**Assignment:** Below are the records; pull every line that includes "with".

**Materials provided:**

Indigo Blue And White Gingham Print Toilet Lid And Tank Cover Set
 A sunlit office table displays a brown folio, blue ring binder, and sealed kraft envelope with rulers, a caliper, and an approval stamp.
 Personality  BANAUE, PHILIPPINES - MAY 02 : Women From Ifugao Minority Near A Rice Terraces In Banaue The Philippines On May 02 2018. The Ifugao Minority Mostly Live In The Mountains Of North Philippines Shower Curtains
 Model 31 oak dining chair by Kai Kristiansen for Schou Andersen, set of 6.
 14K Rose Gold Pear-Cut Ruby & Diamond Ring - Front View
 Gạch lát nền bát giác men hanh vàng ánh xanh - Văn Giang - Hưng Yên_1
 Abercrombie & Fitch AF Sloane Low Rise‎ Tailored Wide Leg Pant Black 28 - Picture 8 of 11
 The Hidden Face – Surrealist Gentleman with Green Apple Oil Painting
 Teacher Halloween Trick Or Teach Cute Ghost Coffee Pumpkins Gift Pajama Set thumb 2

**Response area:**
 A sunlit office table displays a brown folio, blue ring binder, and sealed kraft envelope with rulers, a caliper, and an approval stamp.
 The Hidden Face – Surrealist Gentleman with Green Apple Oil Painting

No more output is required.